• [Problem description]:
Go through the entries below. Copy out every line that contains "Cruise".

====== Data excerpts ======

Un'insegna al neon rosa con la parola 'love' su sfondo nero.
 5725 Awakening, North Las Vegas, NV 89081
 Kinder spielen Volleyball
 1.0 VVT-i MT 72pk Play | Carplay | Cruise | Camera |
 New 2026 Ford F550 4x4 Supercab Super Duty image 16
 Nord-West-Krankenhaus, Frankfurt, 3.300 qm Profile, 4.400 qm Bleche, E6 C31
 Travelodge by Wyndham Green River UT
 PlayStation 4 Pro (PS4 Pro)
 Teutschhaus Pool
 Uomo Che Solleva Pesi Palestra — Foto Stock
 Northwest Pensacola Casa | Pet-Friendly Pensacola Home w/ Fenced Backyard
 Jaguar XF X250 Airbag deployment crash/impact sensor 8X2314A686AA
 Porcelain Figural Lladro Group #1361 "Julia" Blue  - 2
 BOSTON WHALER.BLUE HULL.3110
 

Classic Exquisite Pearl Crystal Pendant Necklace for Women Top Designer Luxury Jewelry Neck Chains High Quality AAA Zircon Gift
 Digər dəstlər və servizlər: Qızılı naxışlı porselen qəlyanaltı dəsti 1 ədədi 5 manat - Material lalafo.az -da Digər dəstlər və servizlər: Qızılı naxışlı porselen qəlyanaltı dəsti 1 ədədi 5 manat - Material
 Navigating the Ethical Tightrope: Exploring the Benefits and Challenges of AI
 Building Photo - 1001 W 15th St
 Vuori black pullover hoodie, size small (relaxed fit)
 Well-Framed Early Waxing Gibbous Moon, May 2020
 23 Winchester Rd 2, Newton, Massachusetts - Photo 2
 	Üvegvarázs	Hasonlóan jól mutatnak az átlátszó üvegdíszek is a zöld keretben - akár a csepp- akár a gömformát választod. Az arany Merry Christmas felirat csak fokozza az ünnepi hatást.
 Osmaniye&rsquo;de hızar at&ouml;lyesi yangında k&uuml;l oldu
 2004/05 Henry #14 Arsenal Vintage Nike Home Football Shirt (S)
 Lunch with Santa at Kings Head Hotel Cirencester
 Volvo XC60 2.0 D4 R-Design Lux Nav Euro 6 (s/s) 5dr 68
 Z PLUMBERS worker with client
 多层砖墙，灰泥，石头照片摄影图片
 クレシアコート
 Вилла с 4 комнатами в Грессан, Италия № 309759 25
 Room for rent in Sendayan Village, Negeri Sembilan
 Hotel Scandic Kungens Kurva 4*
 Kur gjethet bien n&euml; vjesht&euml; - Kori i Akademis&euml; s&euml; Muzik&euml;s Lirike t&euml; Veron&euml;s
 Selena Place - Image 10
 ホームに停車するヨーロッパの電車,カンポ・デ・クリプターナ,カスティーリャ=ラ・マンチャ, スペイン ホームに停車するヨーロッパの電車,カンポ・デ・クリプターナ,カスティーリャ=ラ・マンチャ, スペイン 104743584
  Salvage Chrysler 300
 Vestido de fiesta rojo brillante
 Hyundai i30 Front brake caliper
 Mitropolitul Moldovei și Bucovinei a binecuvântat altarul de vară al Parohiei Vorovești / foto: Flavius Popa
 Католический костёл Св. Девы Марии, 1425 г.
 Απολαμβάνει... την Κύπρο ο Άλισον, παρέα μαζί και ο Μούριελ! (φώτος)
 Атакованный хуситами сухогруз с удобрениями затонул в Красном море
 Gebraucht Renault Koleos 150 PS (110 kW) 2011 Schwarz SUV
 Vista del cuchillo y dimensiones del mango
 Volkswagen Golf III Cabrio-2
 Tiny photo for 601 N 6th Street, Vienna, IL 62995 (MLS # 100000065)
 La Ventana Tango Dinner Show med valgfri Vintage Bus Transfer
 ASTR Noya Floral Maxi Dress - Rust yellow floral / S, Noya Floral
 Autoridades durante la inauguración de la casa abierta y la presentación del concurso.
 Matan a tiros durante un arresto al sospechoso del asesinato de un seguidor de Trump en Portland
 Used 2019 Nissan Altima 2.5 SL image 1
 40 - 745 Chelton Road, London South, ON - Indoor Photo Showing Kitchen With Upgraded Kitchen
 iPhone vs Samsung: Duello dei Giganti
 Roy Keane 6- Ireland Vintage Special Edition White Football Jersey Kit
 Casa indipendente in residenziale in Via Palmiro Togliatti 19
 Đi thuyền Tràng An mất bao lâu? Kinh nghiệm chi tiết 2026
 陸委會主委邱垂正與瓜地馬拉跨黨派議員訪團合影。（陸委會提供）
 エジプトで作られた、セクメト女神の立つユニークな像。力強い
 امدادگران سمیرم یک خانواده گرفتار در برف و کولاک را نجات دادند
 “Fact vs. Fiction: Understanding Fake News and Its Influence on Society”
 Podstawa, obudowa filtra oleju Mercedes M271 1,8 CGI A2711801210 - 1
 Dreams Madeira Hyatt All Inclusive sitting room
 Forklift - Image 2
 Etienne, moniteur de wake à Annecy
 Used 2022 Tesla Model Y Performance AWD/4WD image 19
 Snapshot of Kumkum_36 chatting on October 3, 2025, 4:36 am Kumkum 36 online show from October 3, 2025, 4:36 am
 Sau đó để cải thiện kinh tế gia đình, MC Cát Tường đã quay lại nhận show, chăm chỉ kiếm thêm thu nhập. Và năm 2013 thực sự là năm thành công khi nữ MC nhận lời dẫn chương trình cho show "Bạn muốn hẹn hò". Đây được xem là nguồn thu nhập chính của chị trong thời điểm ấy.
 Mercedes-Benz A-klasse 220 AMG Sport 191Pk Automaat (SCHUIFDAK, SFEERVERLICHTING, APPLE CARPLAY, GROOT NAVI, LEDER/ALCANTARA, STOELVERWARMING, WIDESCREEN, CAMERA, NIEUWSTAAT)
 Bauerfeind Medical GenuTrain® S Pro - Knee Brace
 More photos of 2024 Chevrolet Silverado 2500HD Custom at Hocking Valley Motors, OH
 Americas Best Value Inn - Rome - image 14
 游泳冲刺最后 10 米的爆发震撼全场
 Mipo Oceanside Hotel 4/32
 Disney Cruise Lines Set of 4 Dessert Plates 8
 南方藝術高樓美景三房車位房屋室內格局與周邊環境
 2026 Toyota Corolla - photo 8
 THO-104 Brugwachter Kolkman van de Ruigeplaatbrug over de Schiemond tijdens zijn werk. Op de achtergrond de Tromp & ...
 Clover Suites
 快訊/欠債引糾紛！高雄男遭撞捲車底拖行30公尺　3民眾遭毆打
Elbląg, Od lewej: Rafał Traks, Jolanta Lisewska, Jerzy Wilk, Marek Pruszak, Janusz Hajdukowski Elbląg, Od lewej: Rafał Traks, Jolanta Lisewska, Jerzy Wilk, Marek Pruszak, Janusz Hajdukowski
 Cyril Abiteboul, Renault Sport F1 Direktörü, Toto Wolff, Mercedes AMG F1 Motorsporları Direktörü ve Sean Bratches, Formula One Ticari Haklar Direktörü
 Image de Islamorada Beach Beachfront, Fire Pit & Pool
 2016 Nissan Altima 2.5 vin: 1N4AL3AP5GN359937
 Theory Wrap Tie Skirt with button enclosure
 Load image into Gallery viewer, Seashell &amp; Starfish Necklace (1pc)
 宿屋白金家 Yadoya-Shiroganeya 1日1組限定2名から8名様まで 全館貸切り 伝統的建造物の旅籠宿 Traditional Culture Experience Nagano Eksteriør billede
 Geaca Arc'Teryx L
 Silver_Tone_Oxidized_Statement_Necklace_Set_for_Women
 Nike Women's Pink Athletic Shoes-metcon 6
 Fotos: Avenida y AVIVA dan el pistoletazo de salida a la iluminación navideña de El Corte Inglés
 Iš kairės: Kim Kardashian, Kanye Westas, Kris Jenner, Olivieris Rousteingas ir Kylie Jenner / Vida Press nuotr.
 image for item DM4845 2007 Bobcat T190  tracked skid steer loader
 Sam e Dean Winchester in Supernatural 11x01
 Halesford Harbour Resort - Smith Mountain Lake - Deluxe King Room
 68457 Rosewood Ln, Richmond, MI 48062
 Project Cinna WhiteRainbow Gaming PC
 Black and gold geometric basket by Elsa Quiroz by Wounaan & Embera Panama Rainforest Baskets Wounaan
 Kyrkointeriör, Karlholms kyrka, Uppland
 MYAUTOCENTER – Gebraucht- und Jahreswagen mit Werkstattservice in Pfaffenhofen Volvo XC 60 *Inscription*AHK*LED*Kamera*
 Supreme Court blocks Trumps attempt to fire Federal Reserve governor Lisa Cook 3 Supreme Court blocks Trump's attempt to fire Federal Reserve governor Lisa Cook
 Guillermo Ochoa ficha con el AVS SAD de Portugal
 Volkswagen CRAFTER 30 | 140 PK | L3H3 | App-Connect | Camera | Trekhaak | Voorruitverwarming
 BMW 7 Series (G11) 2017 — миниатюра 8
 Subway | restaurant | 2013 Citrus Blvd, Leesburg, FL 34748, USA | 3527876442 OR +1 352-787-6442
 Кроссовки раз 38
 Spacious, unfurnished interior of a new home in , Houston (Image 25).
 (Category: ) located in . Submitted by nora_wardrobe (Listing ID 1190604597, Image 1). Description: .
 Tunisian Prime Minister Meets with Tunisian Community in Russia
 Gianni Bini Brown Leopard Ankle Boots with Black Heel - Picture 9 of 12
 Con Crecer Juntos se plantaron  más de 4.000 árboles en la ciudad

======

• [Expected answer]:
 1.0 VVT-i MT 72pk Play | Carplay | Cruise | Camera |
 Disney Cruise Lines Set of 4 Dessert Plates 8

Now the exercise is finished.